According to a fourth aspect of the present invention, in the second aspect of the optical pick-up apparatus of the invention, the upper cover is made of a highly heat conductive material and includes a cover for heat generation source that radiates heat generated by the laser diode driver and an entire cover that radiates heat generated from the entire optical pick-up apparatus. According to the fourth aspect, it is possible to control heat radiation effect of the upper cover by appropriately setting the surface area of the cover for heat generation source relative to the entire cover, and the material and thickness of the same.

According to a fifth aspect of the present invention, in the second aspect of the optical pick-up apparatus of the invention, the upper cover has a cross-section formed into U-like shape that surrounds the laser diode driver and a printed circuit on which the laser diode driver is mounted. According to the fifth aspect, it is possible to avoid the swelling of the upper cover.

According to a sixth aspect of the present invention, in the second aspect of the optical pick-up apparatus of the invention, the laser diode driver and optical base are thermally isolated from each other by a low heat conductive backing board. According to the sixth aspect, the respective heats generated by the laser diode driver and the optical base, are not transmitted to each other.

According to a seventh aspect of the present invention, in the fourth aspect of the optical pick-up apparatus of the invention, the cover for heat generation source has convex and concave portions on its surface. According to the seventh aspect, it is possible to ensure heat radiation effect.

According to another aspect of the present invention, in the first aspect of the optical pick-up apparatus of the invention, the laser diode driver and upper cover are thermally coupled to each other through a heat transfer material or heat dissipation agent. According to this aspect, the heat generated by the laser diode driver can certainly be transmitted to the upper cover and radiated to the atmosphere through the upper cover.

According to still another aspect of the present invention, in the first aspect of the optical pick-up apparatus, the laser diode driver is disposed at the position spaced apart from the laser light source and photodetector. According to this aspect, heat radiation effect of the laser diode driver can be ensured by means of the upper cover without being thermally influenced by the laser light source and photodetector that use the optical base as a heat radiation means.
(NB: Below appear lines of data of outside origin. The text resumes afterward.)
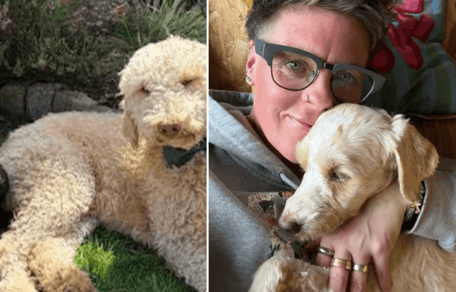 Dog found in shocking condition with 250 other Poodle crosses, happy in new home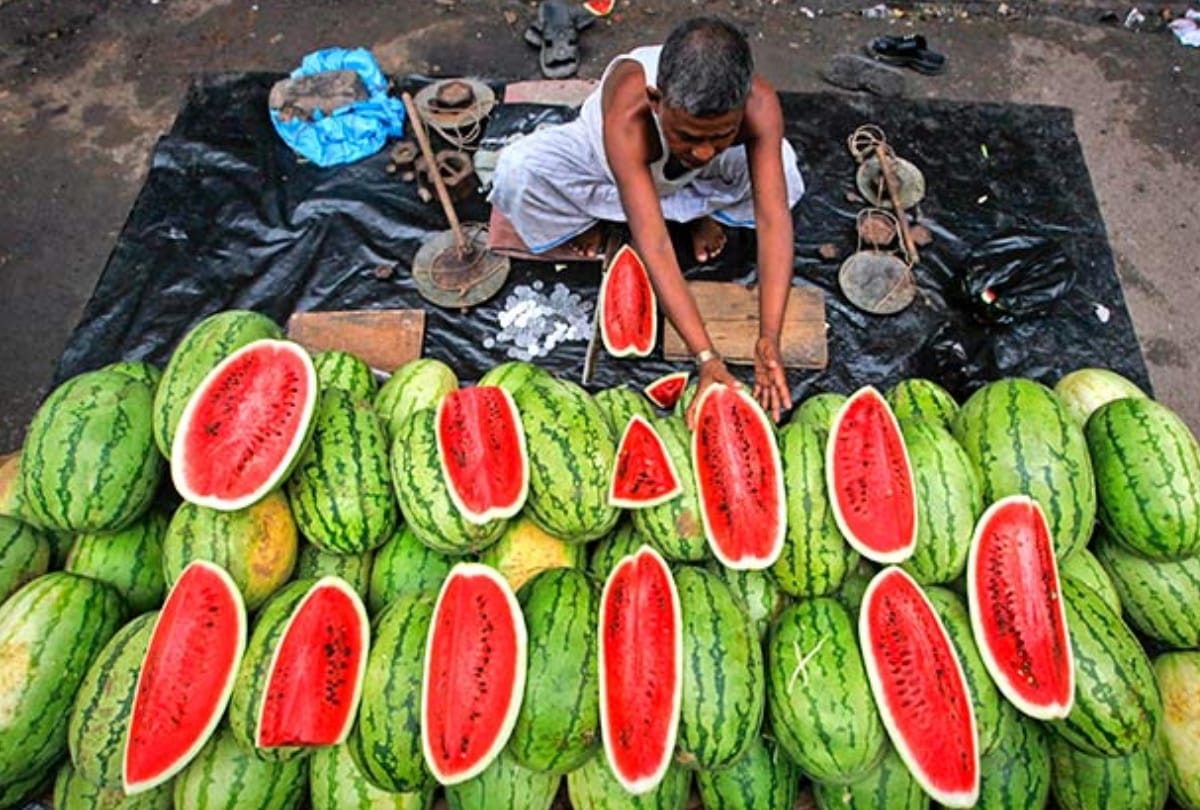 Tips To Buy Sweet Watermelon Mithe Tarbuj ki Pahchan Kaise karen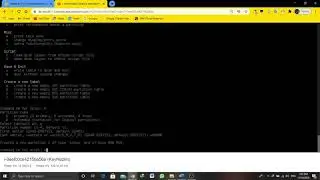 Making Document root Persistent to the EBS Volume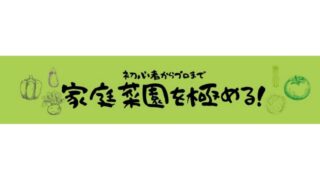 他感作用とは？アレロパシーとは？その効果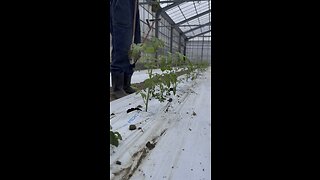 How to farm tomatoes- japan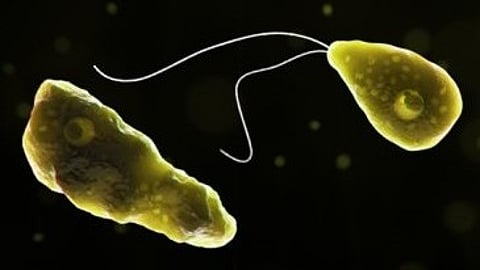 Kerala reports yet another amoebic meningoencephalitis death
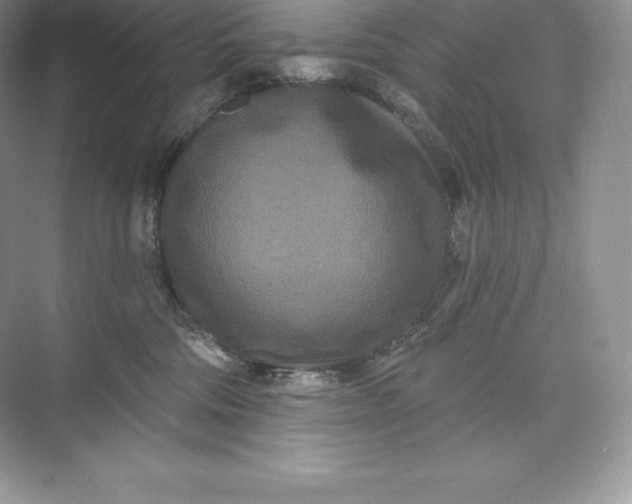 X0000073500330200608140915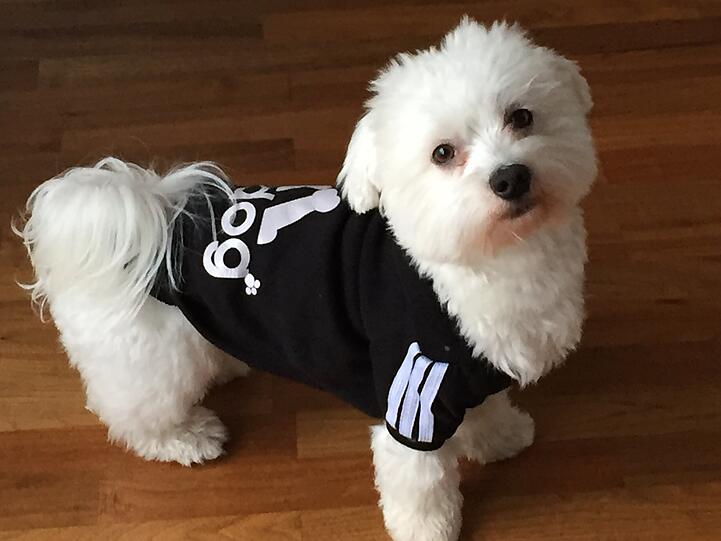 Meilo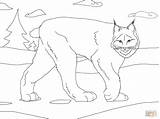Lynx Coloring Pages Canada Colouring Cute Drawing sketch template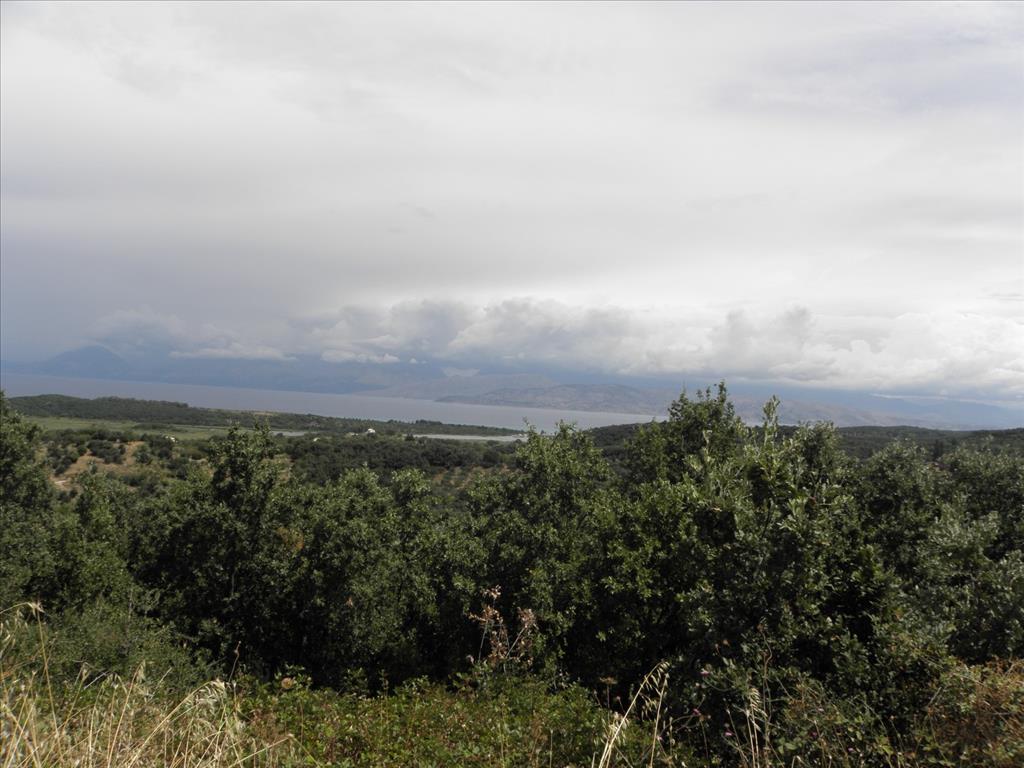 Земля на Корфу, Греция, 15 000 м² - фото 10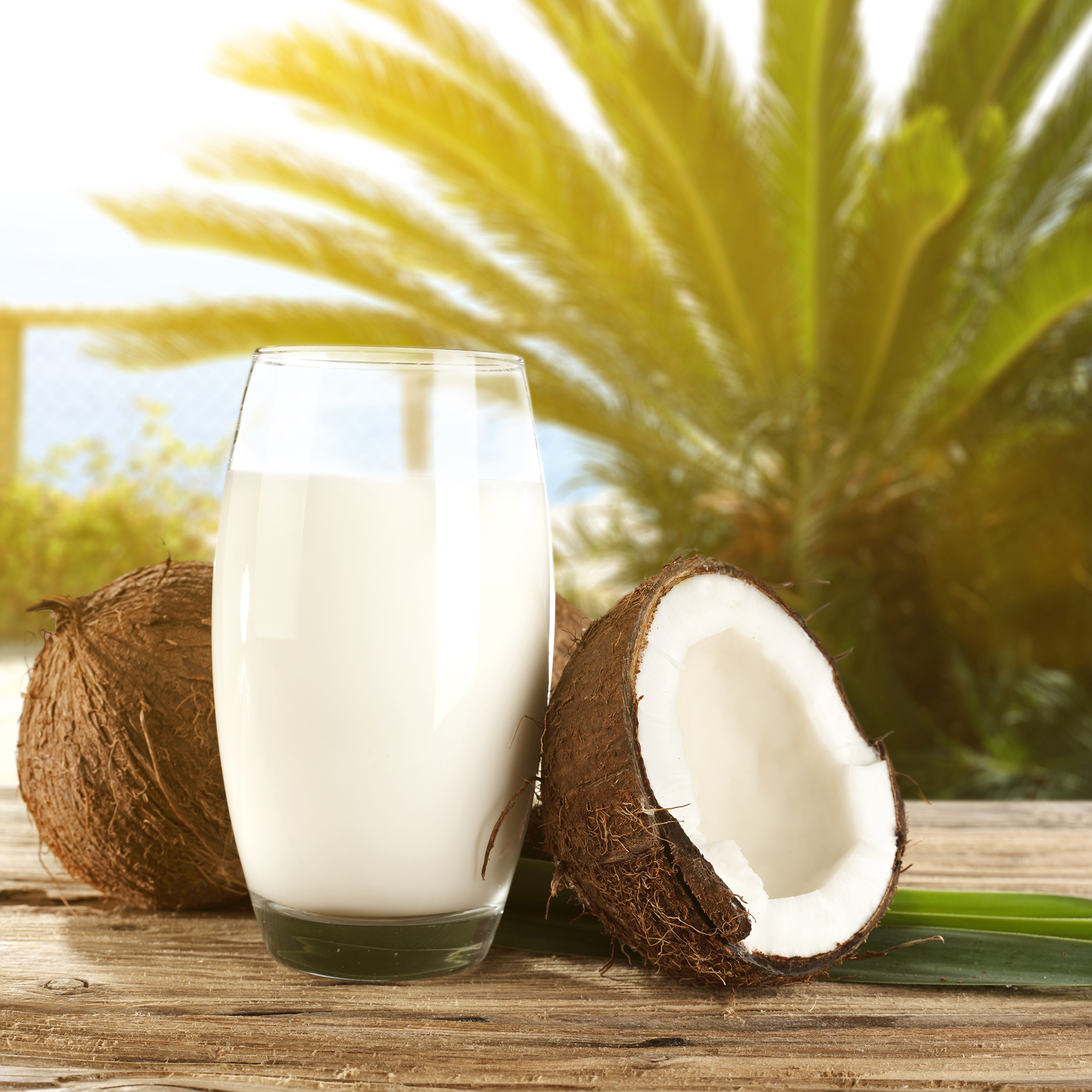 v1-vanilla-coconut-paradise-smoothie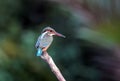 Common kingfisher bird on a branch Royalty Free Stock Photo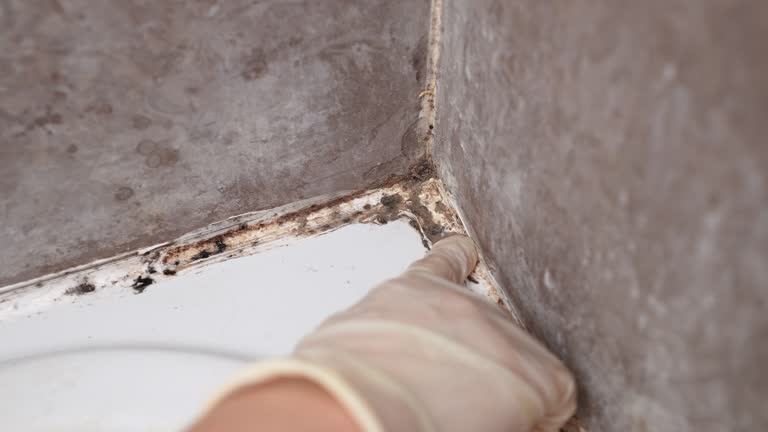 Best Commercial Mold Inspection  in Silver Ridge, NJ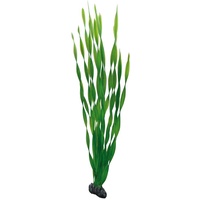 Hobby Vallisneria, 60 cm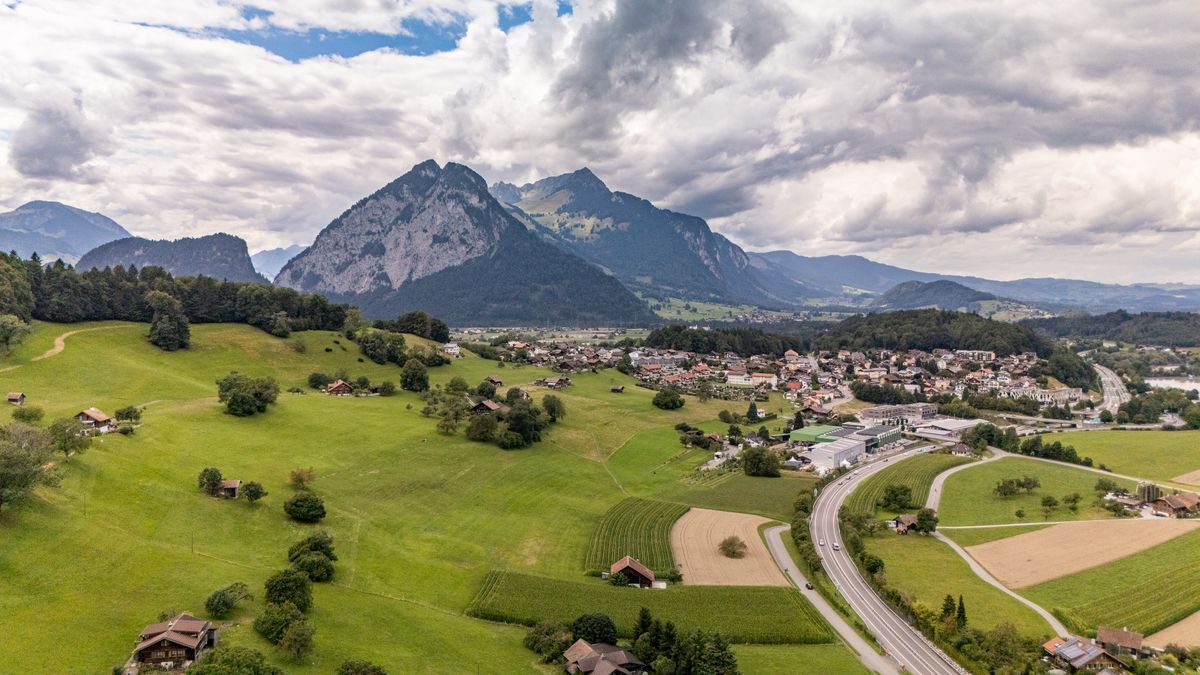 Immagine di copertina 2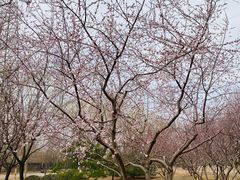 -永定河休闲森林公园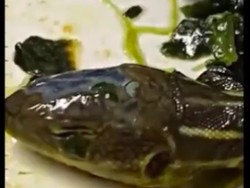 Pramugari Temukan Kepala Ular... di Dalam Makanan Pesawat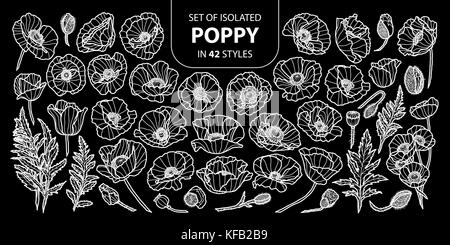 Set of isolated poppy in 42 styles. Cute hand drawn flower vector illustration only white outline on black background. Stock Vector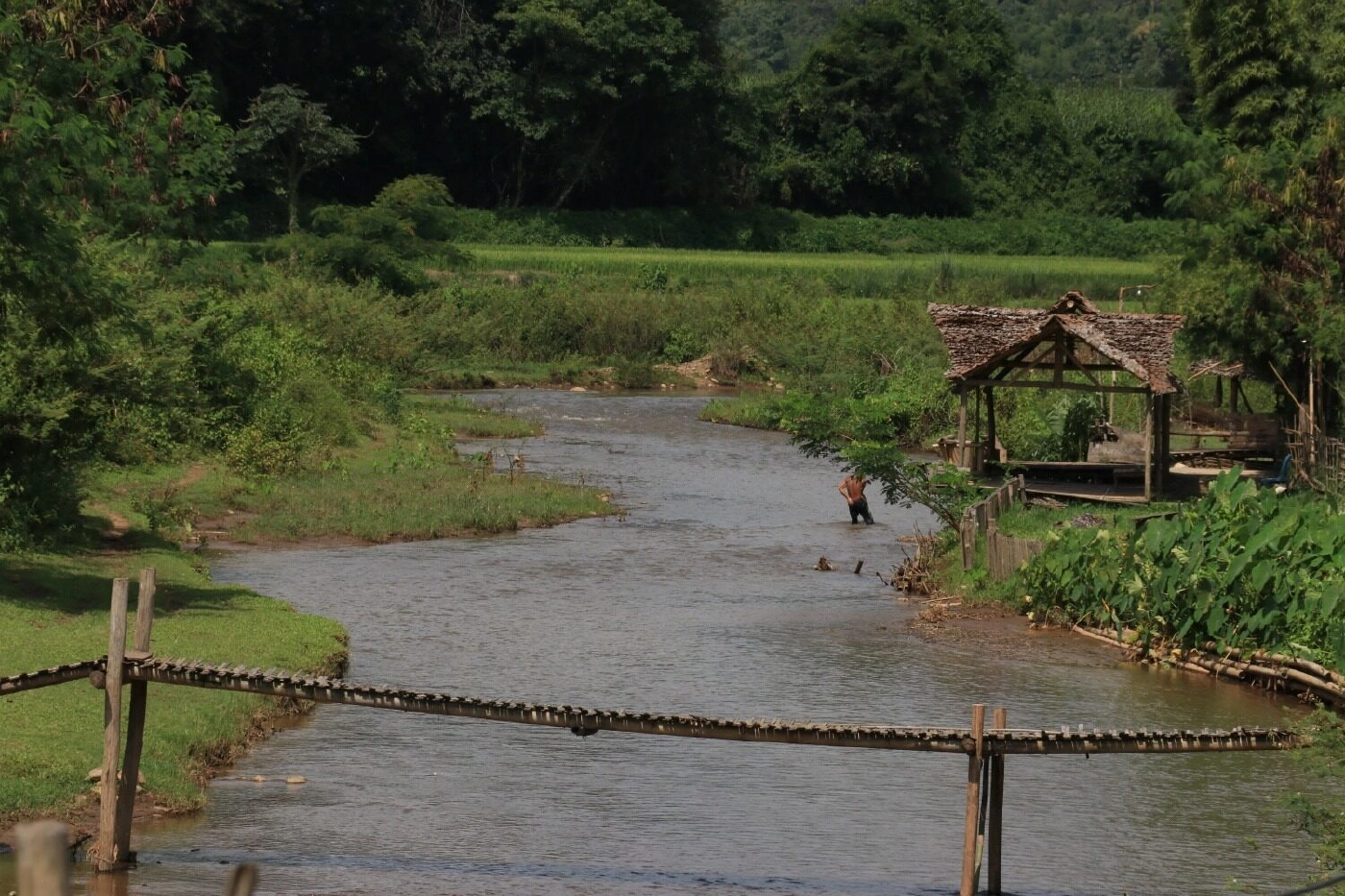 ยูเนสโกประกาศให้ “ดอยเชียงดาว” เป็นพื้นที่สงวนชีวมณฑลแห่งใหม่ของโลก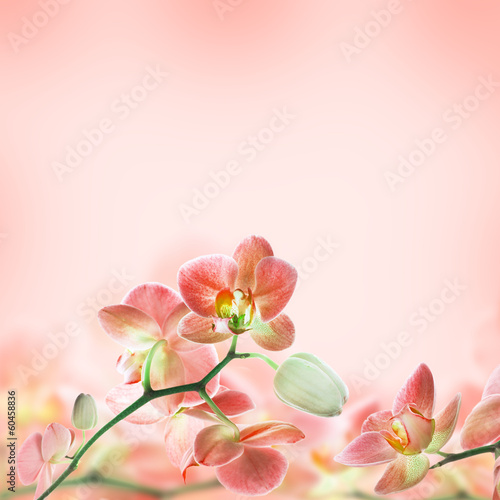 Photo: Floral background of tropical orchids Floral background of tropical orchids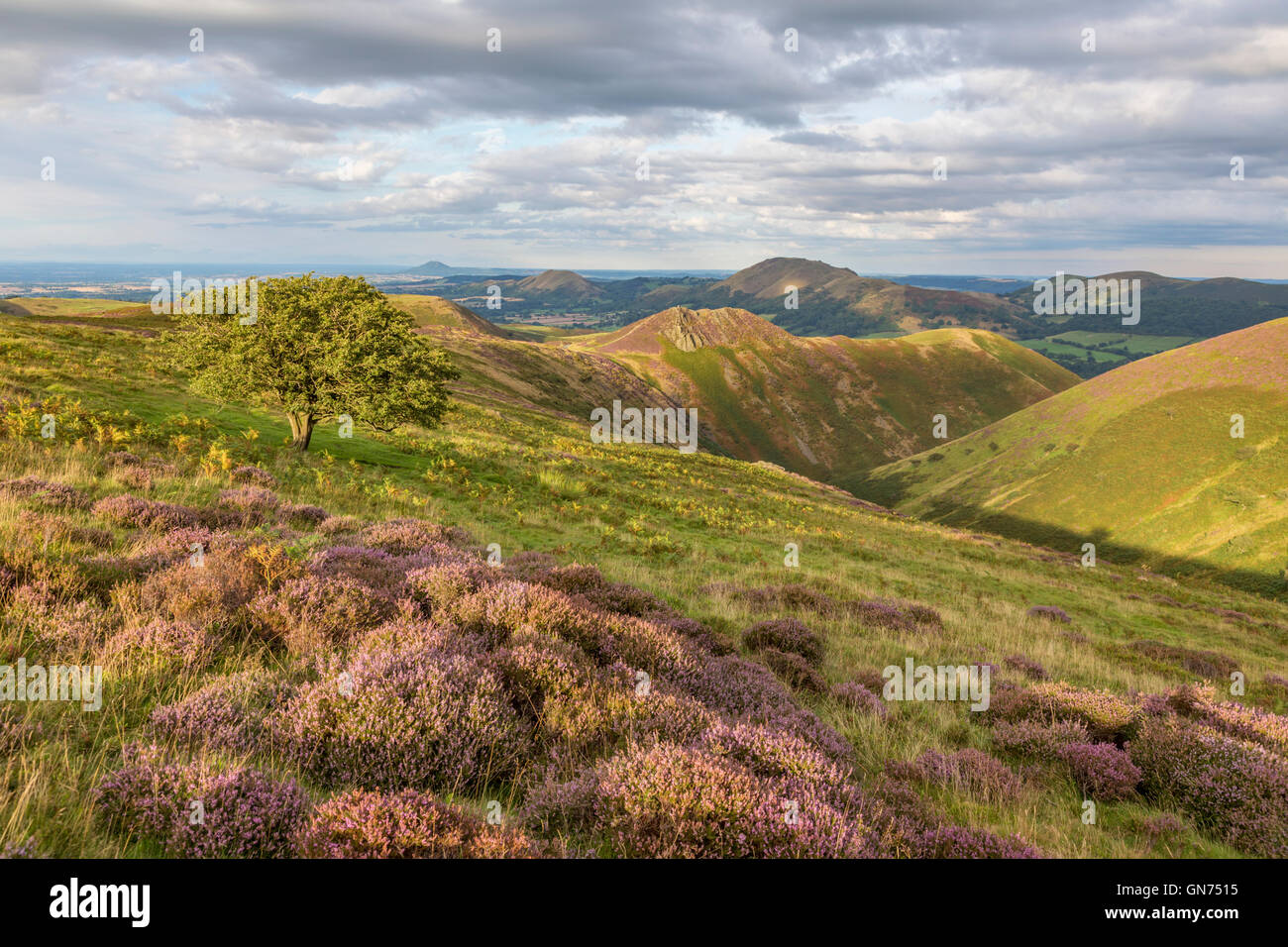 La lande de bruyère sur le long Mynd, Shropshire, England, UK Banque D'Images
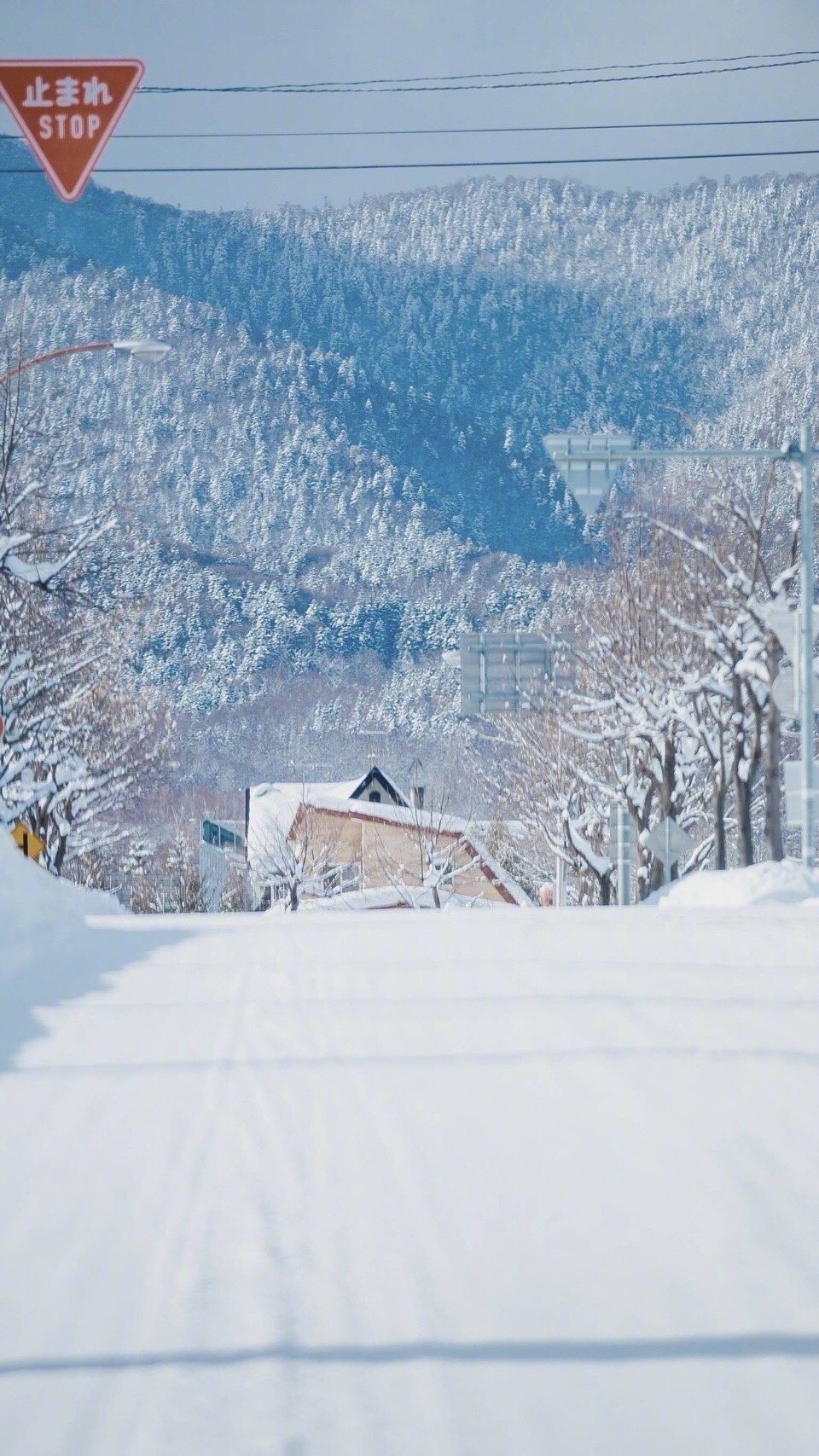 唯美雪景写真图片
As a result, the laser diode driver can be maintained at an operation-guaranteed temperature.

According to still another aspect of the present invention, there is provided an optical disk apparatus including an optical pick-up apparatus including an optical pick-up apparatus that forms a laser diode beam spot on a recording medium to perform recording/reproduction of information, the optical pick-up apparatus being the optical pick-up apparatus according to the above aspects.

According to the aspect of the present invention, an optical pick-up apparatus and optical disk apparatus capable of suppressing heat generation in the laser diode driver to a minimum level.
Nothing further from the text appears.